Special to California Globe by Richard Stevenson
The Sacramento Children’s Fund ballot measure proposal gathered sufficient signatures to be placed on the March 3rd 2020 city ballot.
The measure would force annually 2.5% of the city’s unrestricted revenues, starting at $12.5 million, to the Children’s Fund, leaving no discretion to the City Council, even in time of extreme emergency, such as a major levee failure.
Ballot measure provisions require that the 2.5% expenditure is in addition to, and cannot supplant, current youth services provided for decades by Parks and Recreation and other city agencies. There was huge money behind getting this onto the ballot as evidenced by signature collectors brought in from southern California to get the Children’s Fund onto the Sacramento city ballot. This was likely financed by those seeking to plunder the city treasury through this measure.

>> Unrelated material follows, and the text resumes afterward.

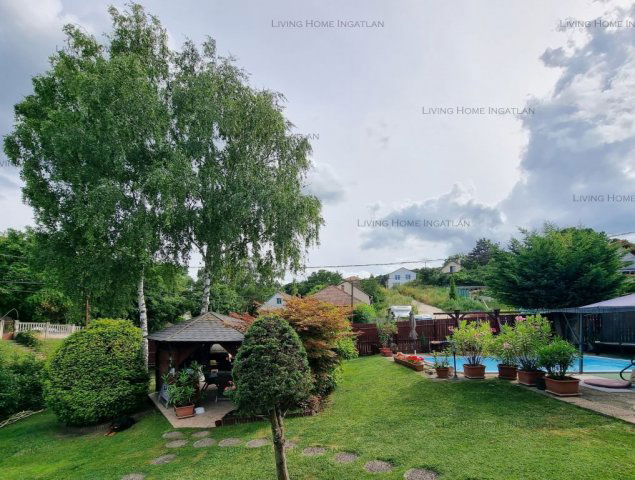 Eladó családi ház, Solymáron 249.9 M Ft, 6+2 szobás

What is hidden from the public is that the Children’s Fund measure direct language requires that current city services will immediately have to be cut to comply. The 2.5% minimum means some city services have to be eliminated. Even if economic conditions lower city revenues, as happened a few years ago, forcing police and fire protections to be cut, the Children’s Fund cannot ever be cut for any reason. The Children’s Fund will actually have city budget legal priority over police and fire protection under this dangerous measure.

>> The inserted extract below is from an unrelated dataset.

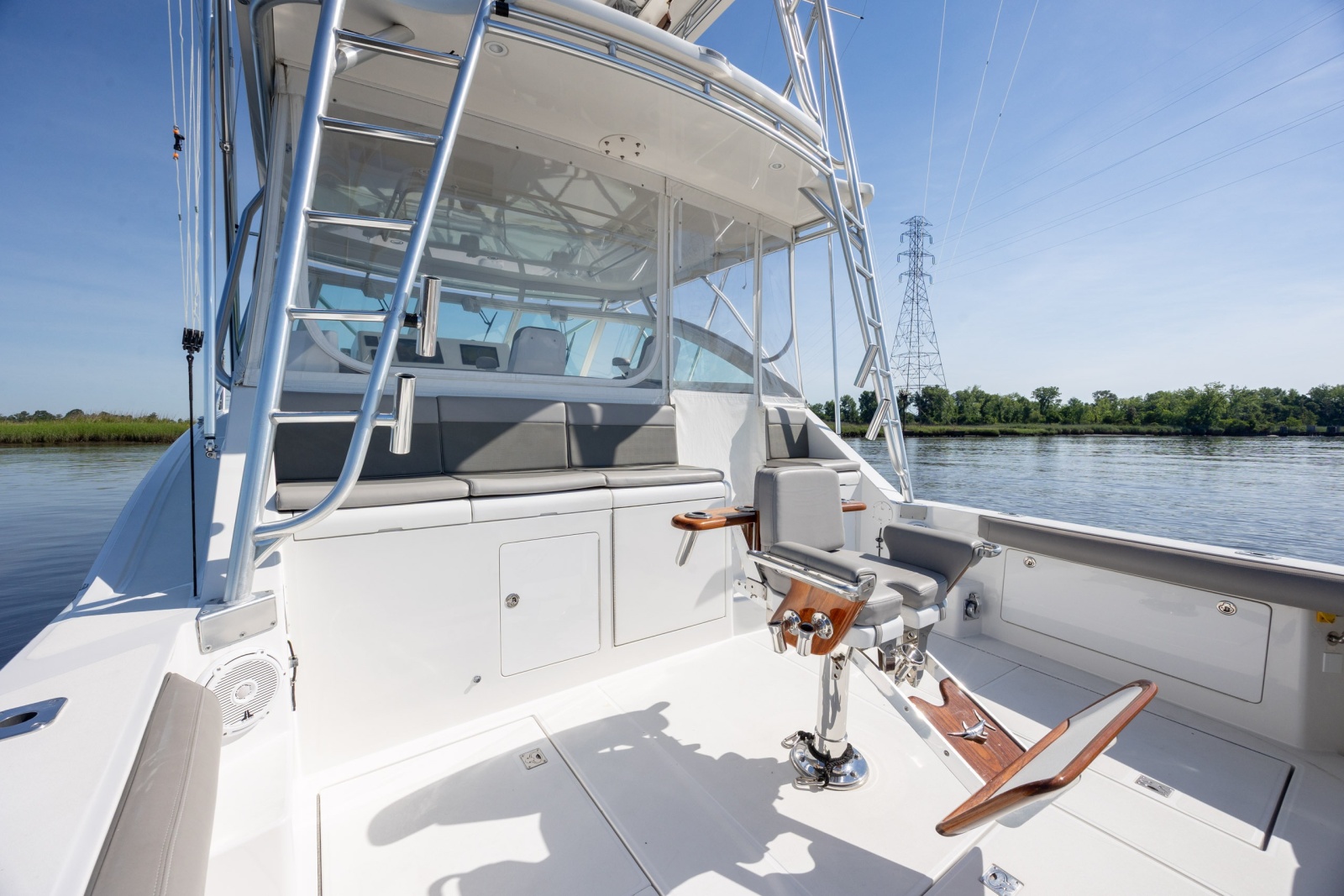 45' 2005 Cabo 45 Express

This ballot measure actually removes City Council control over the city budget. A provision forces the City Council to accept fund appropriations allocated by the unelected Children’s Fund Planning and Oversight Commission as a package and the City Council “…shall not approve or disapprove individual applicants and projects.”

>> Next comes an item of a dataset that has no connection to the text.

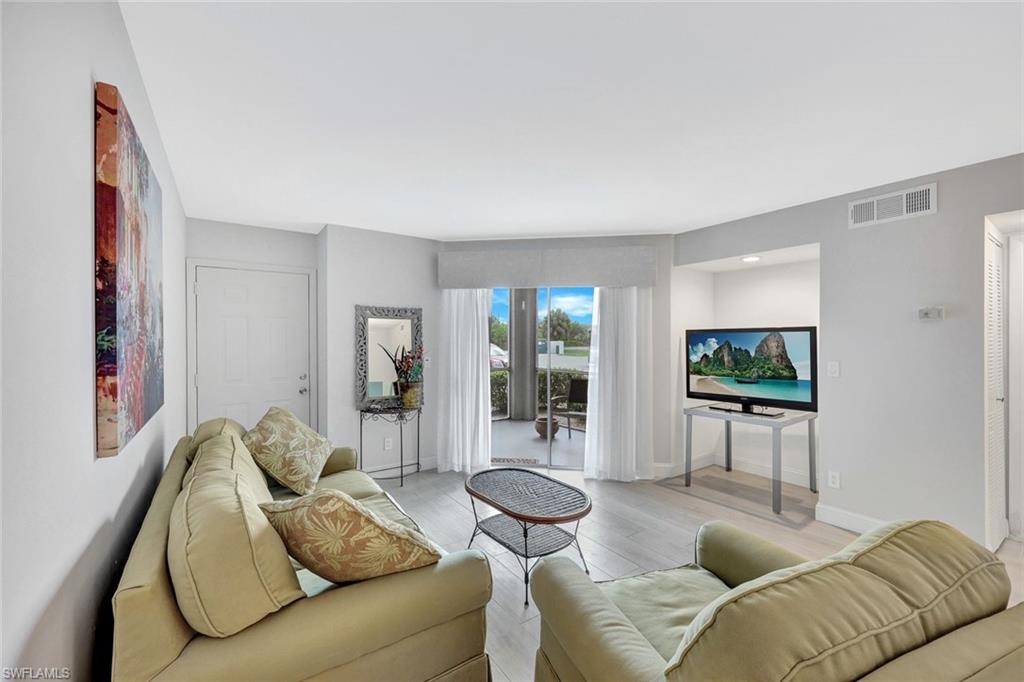 177 Santa Clara Dr # 4 Property Photo 3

The Children’s Fund in reality is a conduit for city tax dollars to be funneled to outside private organizations, with no audit authority by the city and no transparency for the public to see what those organizations are doing. Legally, under the Children’s Fund language, a private organization can expend city tax dollars in a cruise ship casino, and the public will never know.
Proponents will assert that an appointed commission can order audits, but that commission will have no sufficient skilled staff or legal authority, and this is no accident. Such commissions are ineffectual window dressing as an oversight body, as other city financial oversight commissions have been. None have been an effective oversight body in protecting the objective public interest.
Further, the Sacramento Children’s Fund is a proposed city charter amendment, which legally disallows corrections of problems by the City Council. All problems would have to go back to city voters for correction, while tax funds will be still funneled to private organizations, with no public accountability, while that lengthy process takes place.
Richard Stevenson, a 5th generation Sacramentan, was first appointed to a Sacramento city commission in 1973, and served on several city and state commissions thereafter. He has an institutional memory reaching back longer than anyone in Sacramento City Hall, and says Sacramento used to be so clean one could not get a $2 parking ticket “fixed.” Now, he says, Sacramento is rapidly approaching the standards of Baltimore.